2023年1月31日火曜日

高宕山

房総半島の山、千葉県の山2日目は高宕山。君津市と富津市の境界にある山です。房総半島の山と言えば標高も低いし(いちばん高くて標高408mです!)どこ登るの?みたいな感覚でしょう。それでも鋸山や伊予ヶ岳なんて有名ですよね。通はこの高宕山を抑えてください。とても魅力的な山です。写真は高宕林道どん詰まりの登山口です。

整備された登山道は単に登山者のためという感じではなく、何か奥深さを感じさせるものでした。それは高宕観音への参道だからだと思います。

千葉県内陸部は房総丘陵と呼ばれます。凝灰質砂岩や泥岩は、加工しやすくまた耐火性があり建築用石材として利用されました。保田の鋸山が房州石の産地として有名ですが、ここでも採掘がおこなわれていたと思わせる石切り場です。奥の壁です。

ハンマーのようなもので切り出します。コツコツ叩きながら石材を切り出していたのだと思います。

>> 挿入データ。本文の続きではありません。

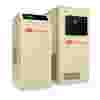 IRP-Product-Photo-Exterior-non-cycling-refrigerated-dryers.png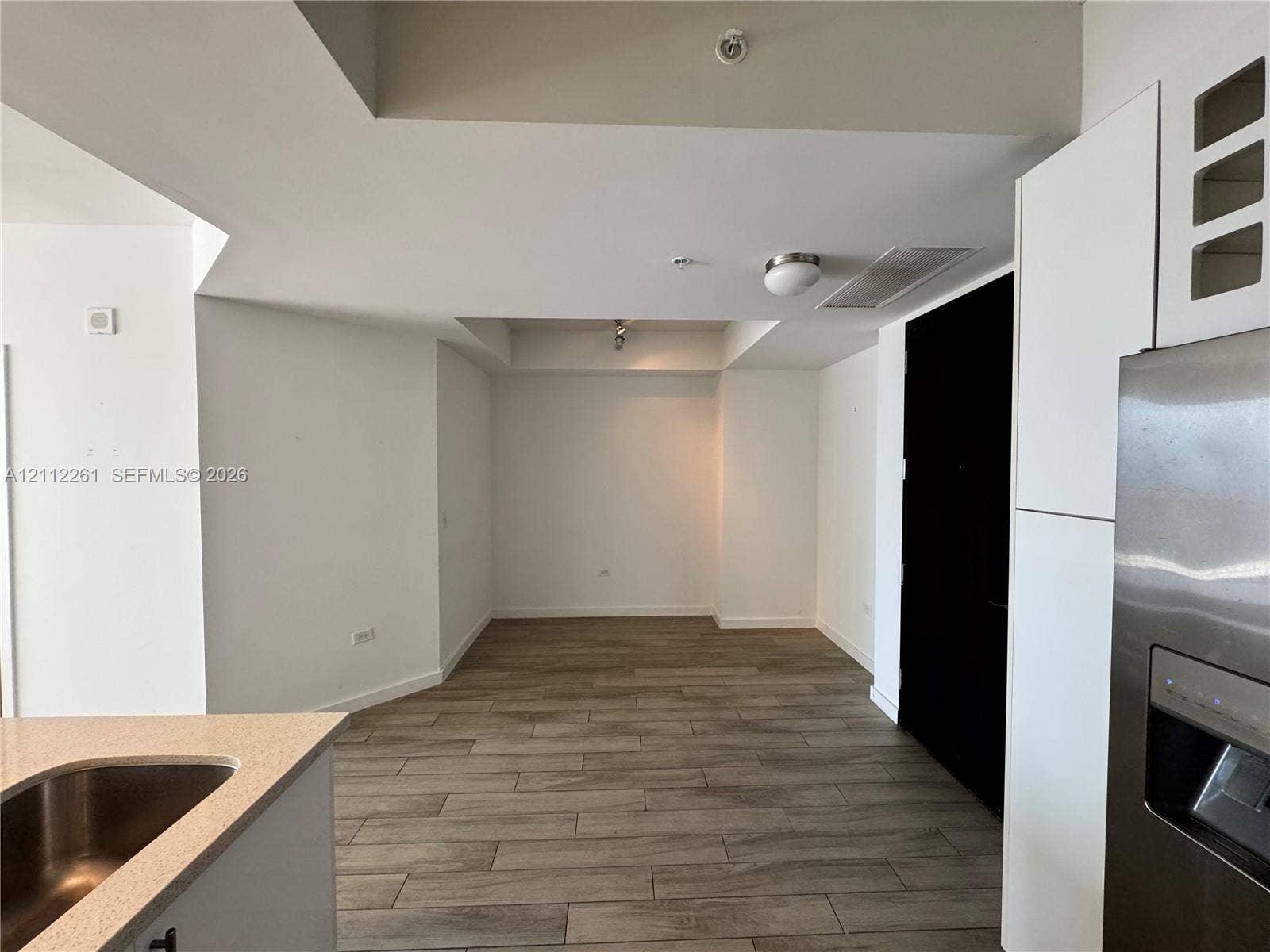 999 SW 1st Avenue, #2511, Miami, Miami, FL 33130 Photo 34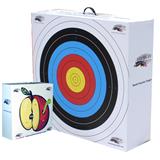 @SCHOOL YOUTH TARGET 32"x32"x12" (FOR BOWS UNDER 30#)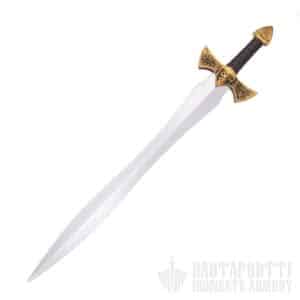 LARP Sword Tharion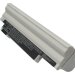 Аккумулятор CS-AC260NT для Gateway LT23  11,1V 4400mAh Li-ion
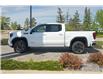 2025 GMC Sierra 1500 AT4 (Stk: 23257) in Red Deer - Image 6 of 21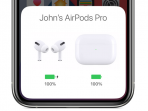 hur_till_fix_it_when_only_one_airpod_is_working_charge_thumb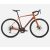 2024 Orbea AVANT H40 bronz országúti kerékpár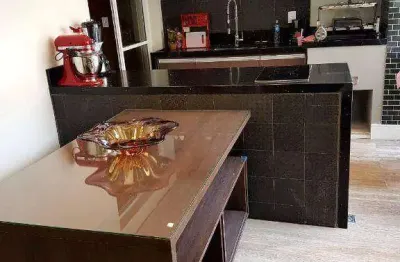 Apartamento com 3 dormitórios à venda, 133 m² por r$ 2.199.000,00 - paraíso - são paulo/sp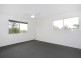 65 Bentinck Street, Waterford West QLD 4133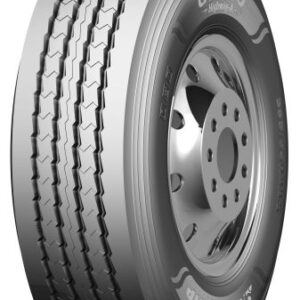 GOODTRIP 385/65 R22.5 GHT50 TRAILER (GOODTRIP) 24PR [164] K TL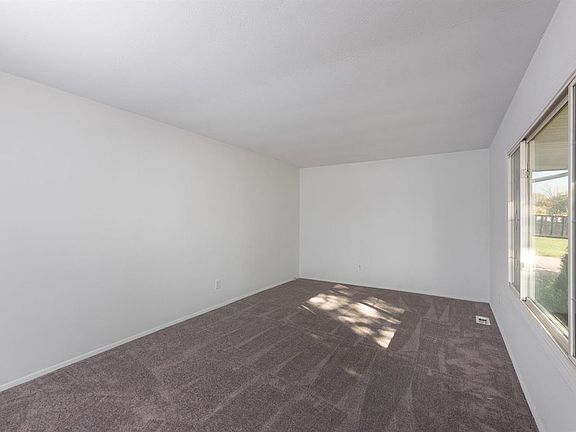 2nd image of 12071 Hitchcock Dr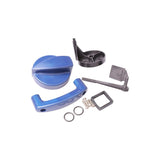 OASE Ersatz-Set Bedienelemente FiltoClear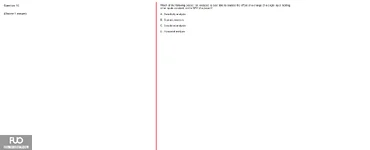 Q16.webp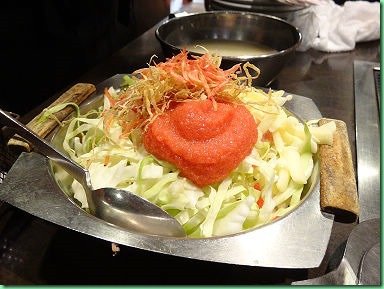 20140803_006 ESTA大樓風月文字燒_拉麵共和國 006s
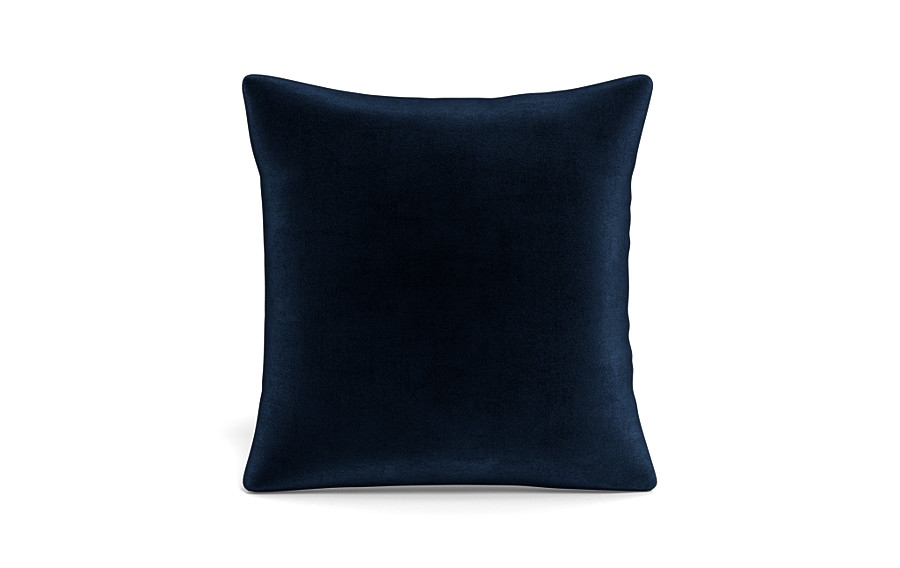 Throw Pillow 24 x 24" Square Pillow" - Image 0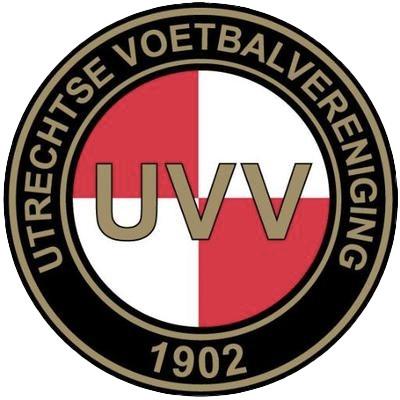 UVV 19-1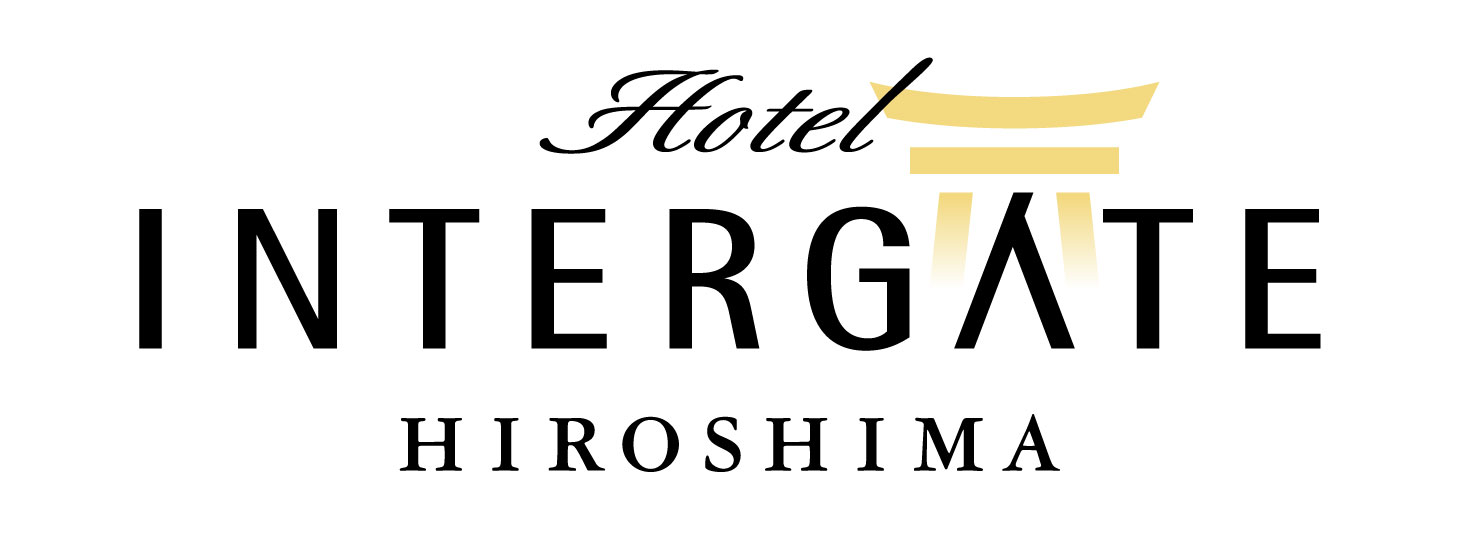 Hotel Intergate Hiroshima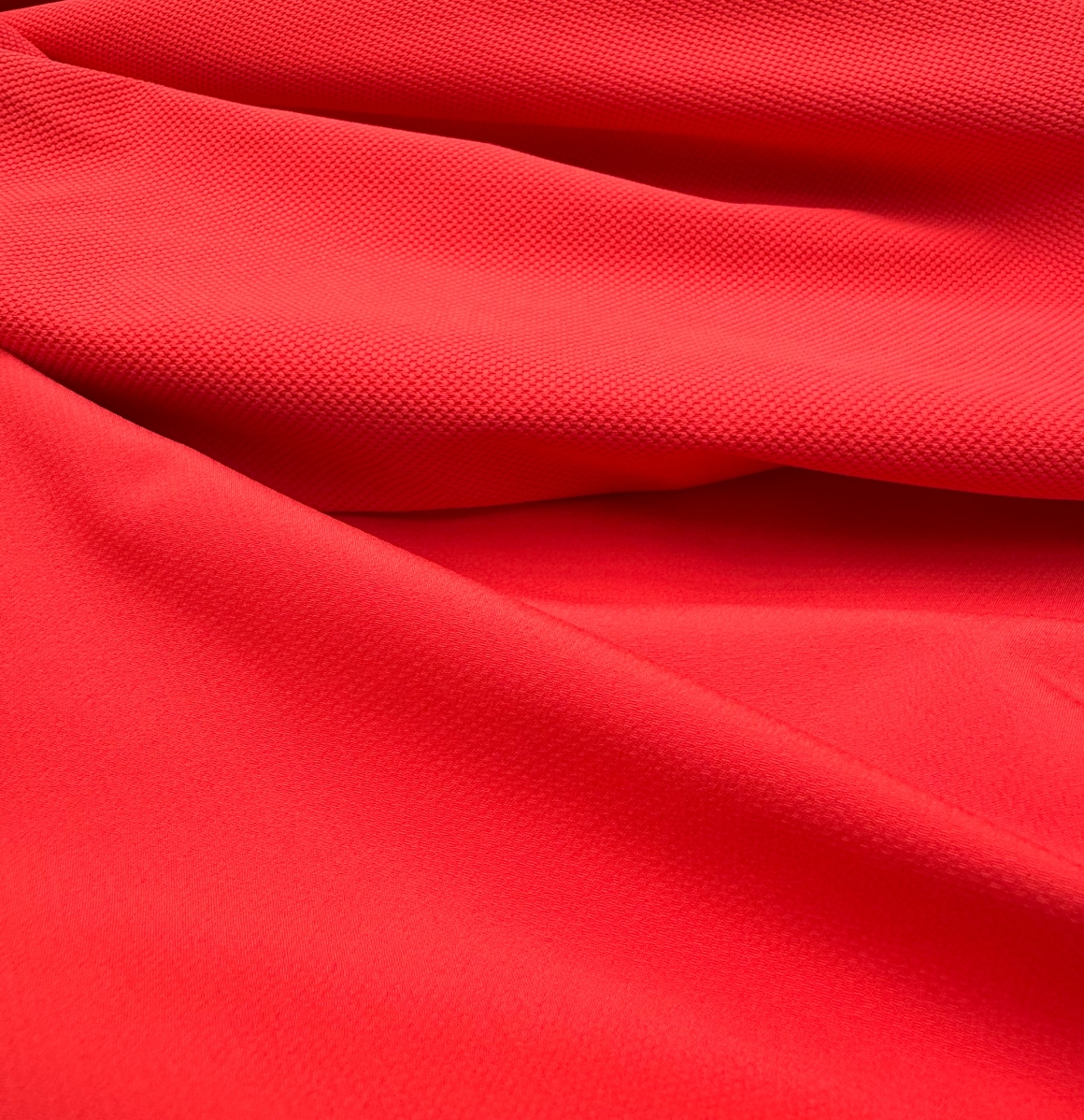 S5787N
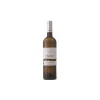 Fantinel - Borgo Tesis - Friuli Grave Sauvignon D.O.C. - White Wine - Avvenice^ Wines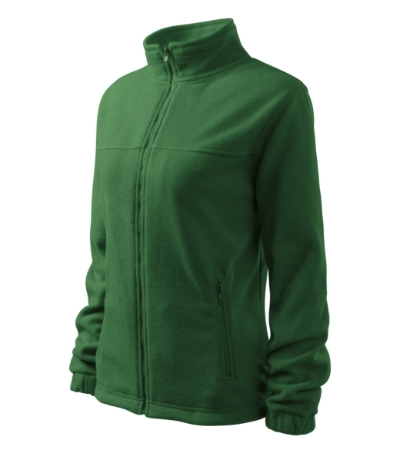 Fleece dámsky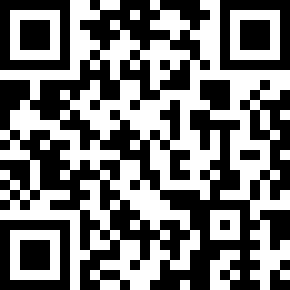 http://www.test.firmbook.eu/34441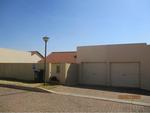 3 Bed Zandspruit Property To Rent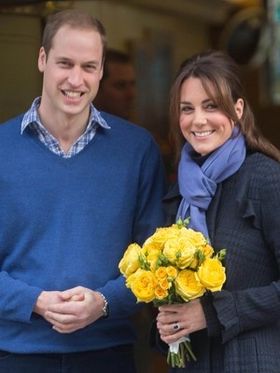 2013年7月に出産!?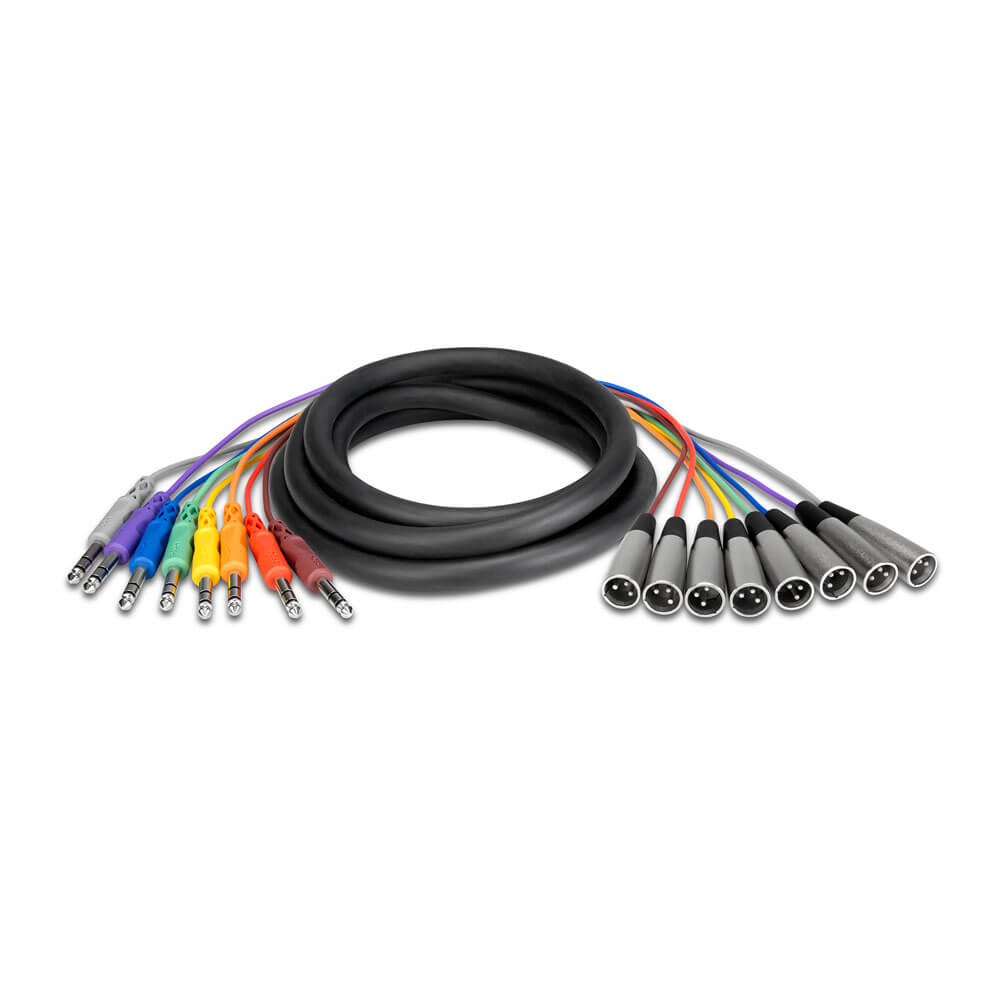 STX-805M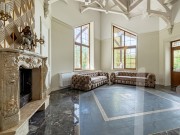 Продажа дома Ренессанс парк 620 м² Новорижское шоссе - 624180 - 624180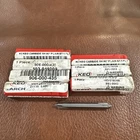 7X Keo #2 Carbide Rh 90 Plain Str Flt 19209 Drill #JB-WS-5A New. Price: $69.99.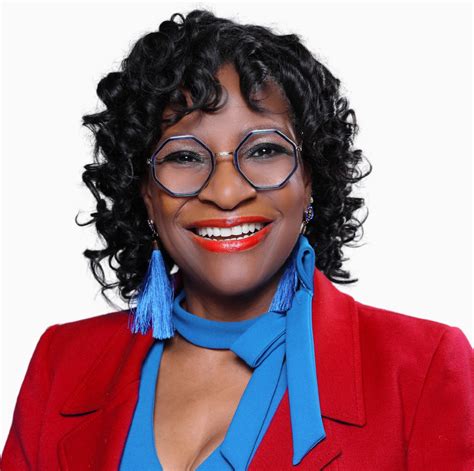 Drastic Results with Toni Harris Taylor - 4 days to go! Who's excited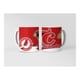thumbnail image 2 of Taza Cardenales de Lara - Vuela Alto con Calor, 2 of 4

この模様のような打痕が垂直の壁全体に着いていました。

見事に咲いたスイセン。奥にトラロープが張ってあり立ち入り禁止の旧石射太郎山。転落事故があったということでした。

ヤセ尾根が続きますが気持ちいい稜線です。


奥の右が高宕山、右が八良塚です。複雑な地形で、写真の山々が標高300mクラスというのが信じられないくらいです。この時は単独の登山者が遭難していて捜索が行われていたようでした。

生活の山でもありました。途中横に伸びる尾根に入り炭焼き窯を見たりしましたし、浅間様という案内は富士山だろうなと想像して寄り道しました。


浅間様の石祠


ぼんやりと富士山が見えました。

高宕観音へのまっすぐな石段。やはり砂岩で作られているので擦り減っています。


案内板
「伝説によれば、奈良時代に行基菩薩が当山を訪れた際、多くの人々のご利益を施そうとして彫刻した霊像といわれている。この観音像の利益を受けた者は数限りないが、 源頼朝が石橋山の合戦に破れ安房の国に渡ったとき、源家再興を祈し、黄金で一寸八分の尊像を写し刻んだ。 そして常に肌身はなさず持ち、ついに鎌倉に幕府を開くに至った。また五穀豊穣、子育てや厄除けなど観音様の霊感のおかげであるといわれ、近郷あるいは 遠方から参詣に訪れる人が絶えなかった。 (高宕山縁起より)」

観音堂の半分は岩をくりぬいて建てられていて、四角いトンネルを一周出来ました。


弘法大師像


観音堂の先、砂岩の尾根をくりぬいた穴を通過して高宕山に向かいます。柔らかめの砂岩が驚くほど加工されている登山道です。手掘りのトンネルや階段として加工されています。エリア全体が一皮むけば砂岩の岩盤です。


高宕山山頂の最後の梯子。

高宕山山頂


高宕大滝の下山道は通行止め、数年前の台風15号で荒れたということでしたが、それなりに手が入っていてリカバーされていました。それにしても岩盤がこんな感じに加工された階段になっていて驚きです。

ふと気が付いた窪み。炭焼き窯跡だってすぐにわかります。

窪みの下を確認すればこの消炭があります。


手掘りのトンネルは林道高宕線に三つありました。


側面が崩れやすいところはどうしようもない感じでしたが、それなりに歩きやすいように手が入っていました。お疲れ様です。


こういう手作りのステップは歩く人のために考えて杭を打つのだと思います。


林道の駐車スペースはこのトンネルの向こうです。なかなか変化に富んだ面白いルートでした。下山です。


房総丘陵の山を堪能した2日間、東京湾アクアラインを通って山梨に帰りました。アクアラインはとても便利です。